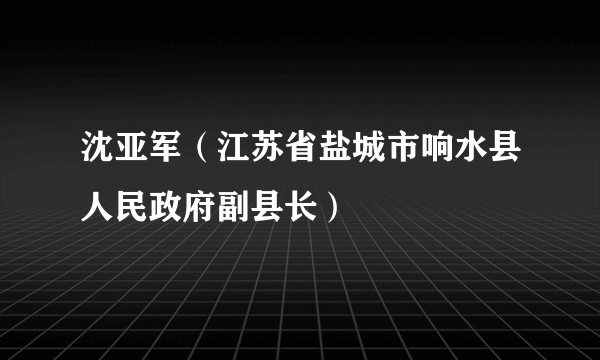 沈亚军（江苏省盐城市响水县人民政府副县长）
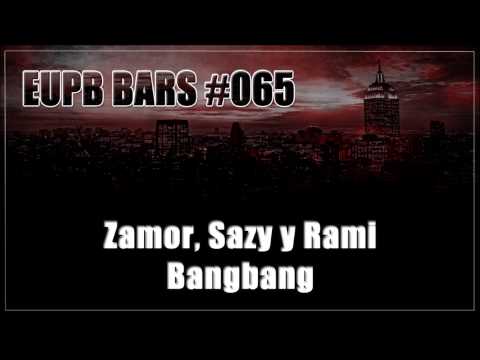 Zamor, Sazy y Rami - Bangbang [EUPB BARS #065]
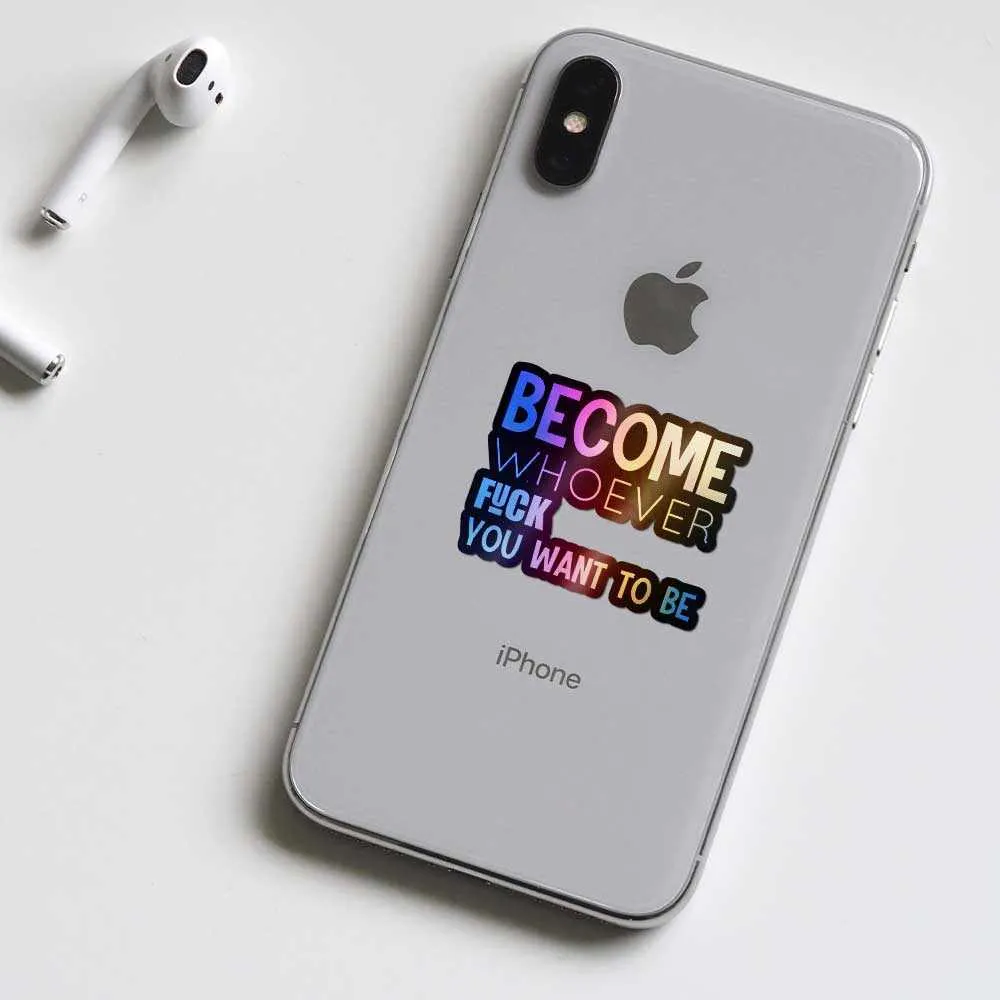 Become whoever Holographic Stickers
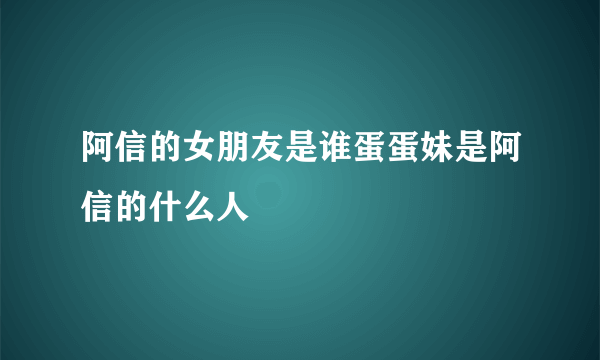 阿信的女朋友是谁蛋蛋妹是阿信的什么人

### ACTIVITY
From the line that contains "Zamor, Sazy y" to the end of the material above, output every line exactly, both ends included, but leave out any pictures.

### OUTPUT FOR THIS TASK
 Zamor, Sazy y Rami - Bangbang [EUPB BARS #065]
 Become whoever Holographic Stickers
 阿信的女朋友是谁蛋蛋妹是阿信的什么人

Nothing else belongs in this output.